Introduce `transform::logging::manager` #16301

oleiman · 2024-01-26T03:37:32Z

This PR introduces transform::logging::manager whose primary responsibility is to buffer transform logs, periodically flushing them to some transform::logging::sink as chunked_fifo of JSON-serialized OpenTelemetry-compatible log events.

Closes https://github.com/redpanda-data/core-internal/issues/1035
Closes https://github.com/redpanda-data/core-internal/issues/998

Backports Required

Release Notes

none

oleiman · 2024-01-26T03:40:35Z

/dt

vbotbuildovich · 2024-01-26T06:07:17Z

ducktape was retried in https://buildkite.com/redpanda/redpanda/builds/44335#018d441a-b421-495d-98f2-2d2b5a2c7b80

ducktape was retried in https://buildkite.com/redpanda/redpanda/builds/44344#018d44e8-9c10-4d81-ad43-d3590cbc0891

ducktape was retried in https://buildkite.com/redpanda/redpanda/builds/44344#018d44f8-c1ab-4d8d-98ba-2f898ceffb4f

ducktape was retried in https://buildkite.com/redpanda/redpanda/builds/44412#018d52f0-6bc6-4d86-9230-2b37c1bbd33e

ducktape was retried in https://buildkite.com/redpanda/redpanda/builds/44511#018d5ecd-6675-4267-a9e2-b538a9704dc2

ducktape was retried in https://buildkite.com/redpanda/redpanda/builds/44511#018d5ecd-6679-4873-8e42-09638df305df

ducktape was retried in https://buildkite.com/redpanda/redpanda/builds/44511#018d60bd-9df6-436c-bc3f-c22ec5b771d1

ducktape was retried in https://buildkite.com/redpanda/redpanda/builds/44561#018d6220-ed1d-4d10-aa48-18b6d009f697

oleiman · 2024-01-26T06:38:28Z

/dt

rockwotj

Nice tests. A good first stab - I think the only substantial feedback is that I think we should do more aggressive batching in the manager.

src/v/config/configuration.cc

rockwotj · 2024-01-26T18:41:43Z

src/v/config/configuration.cc

+      "Flush interval for transform logs. When a timer expires, pending logs "
+      "are collected and published to the transform_logs topic.",
+      {.needs_restart = needs_restart::no, .visibility = visibility::tunable},
+      500ms)


We may need to do some quick math on at one scale this overwhelms a single partition. One of the reasons for the 3s commit interval for data transform progress is so that we don't have to worry too much about addition partitions at that commit interval (we would need a lot of cores for that). I agree with the faster publish/flush rate here, but let's derive some limits of this internally and figure out what we need to have partition counts for our cloud tiers based on this.

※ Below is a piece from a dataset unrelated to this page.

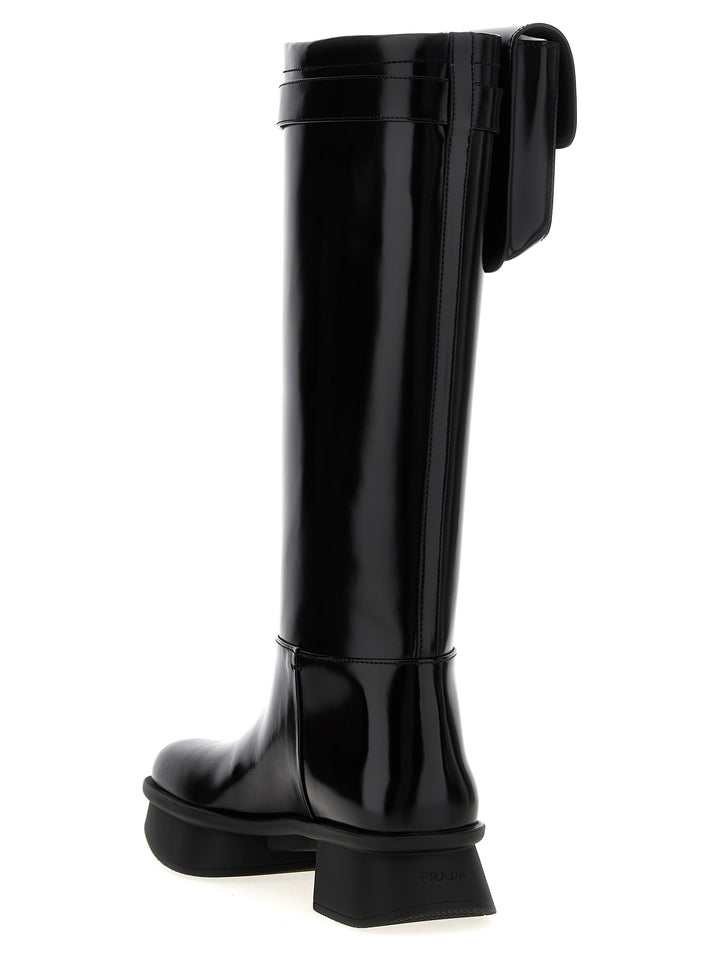 Prada Equal Boots and Ankle Boots - Black | 7e96b786c8315c94ca82ecd1fe02f9e9d6f62d77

ya, strongly agree. this value is totally arbitrary and frankly an artifact of a previous iteration (before I wired in manual_clock).

https://github.com/redpanda-data/core-internal/issues/1040

rockwotj · 2024-01-26T18:42:03Z

src/v/config/configuration.h

@@ -74,6 +74,11 @@ struct configuration final : public config_store {
    bounded_property<size_t> data_transforms_per_function_memory_limit;
    property<std::chrono::milliseconds> data_transforms_runtime_limit_ms;
    bounded_property<size_t> data_transforms_binary_max_size;
+    bounded_property<size_t> data_transforms_logging_buffer_capacity_bytes;
+    // TODO(oren): bounded?


I don't think we need to be that prescriptive personally - it's a tunable after all.

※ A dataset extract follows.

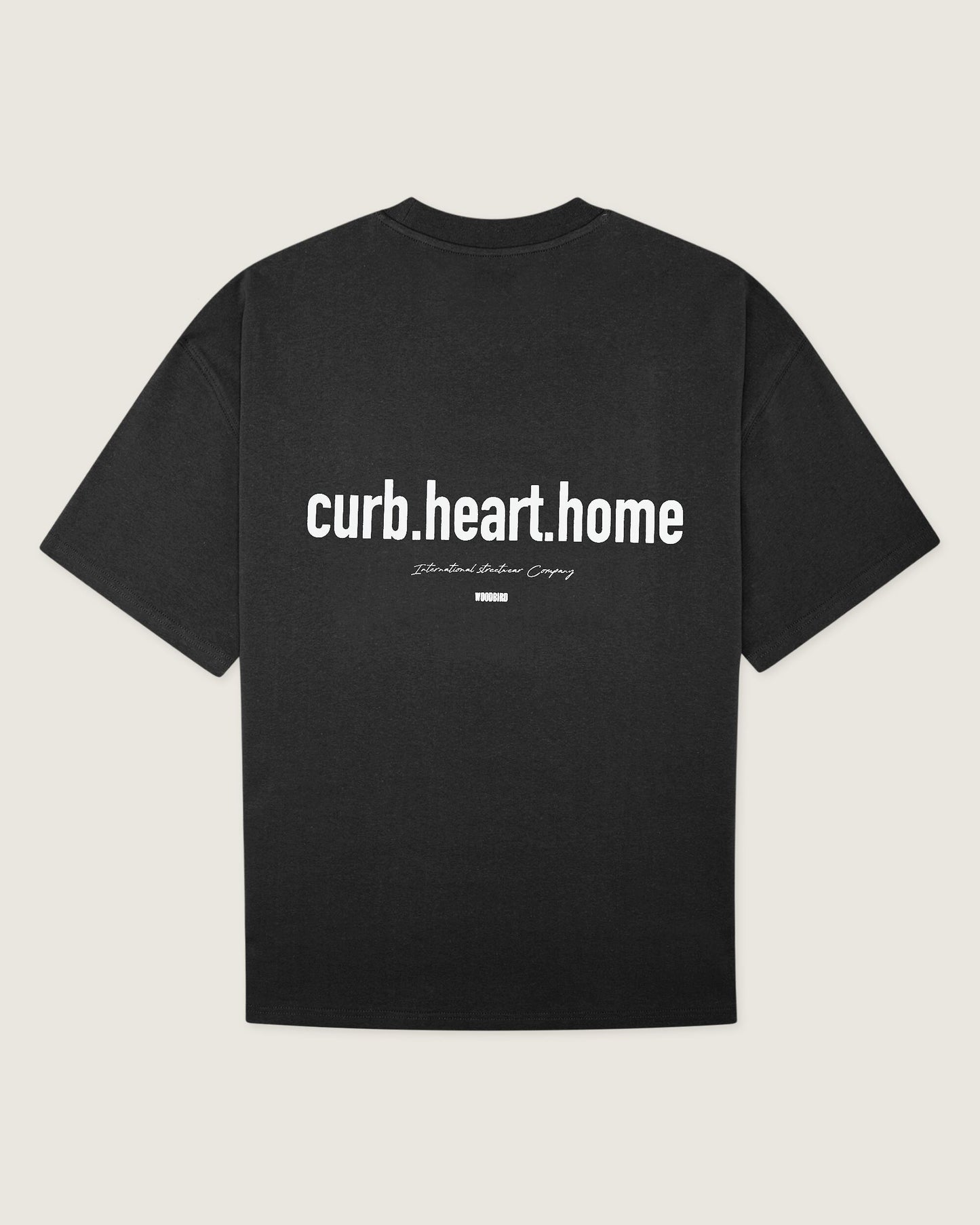 Woodbird WBBeam Solid Home Tee T-Shirts Black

src/v/transform/logging/logger.cc

src/v/transform/logging/log_manager.cc

rockwotj · 2024-01-26T18:56:09Z

src/v/transform/logging/log_manager.h

+        event event;
+        ssx::semaphore_units units;
+    };
+    using queue_t = ss::chunked_fifo<log_event>;


I think chunked_vector will probably be a better structure once #16257 is merged

src/v/transform/logging/tests/log_manager_test.cc

oleiman · 2024-01-29T00:49:06Z

force push contents:

various minor review feedback
large-ish refactor of flushing logic
- jitter
- cond-var based timing and direct wakeup
- group log events by partition ID before forwarding to client
- ^^ separate "flusher" class for most of that
extend client API to look up partition ID for a transform_name

rockwotj

Have not looked super close at the tests yet, but this is looking really good!

src/v/transform/logging/log_manager.h

rockwotj · 2024-01-29T01:37:39Z

src/v/transform/logging/log_manager.cc

+                if constexpr (std::is_same_v<ClockType, ss::manual_clock>) {
+                    co_await _wakeup_signal.wait(
+                      ClockType::now() + _jitter.base_duration());
+                } else {
+                    co_await _wakeup_signal.wait(_jitter());
+                }


Does it simplify things if we always do:

co_await _wakeup_signal.wait<ClockType>(ClockType::now() + _jitter.base_duration());

Because I think the else version you're using here uses timer::clock::now() which defaults to steady_clock, which lowres should be fine here.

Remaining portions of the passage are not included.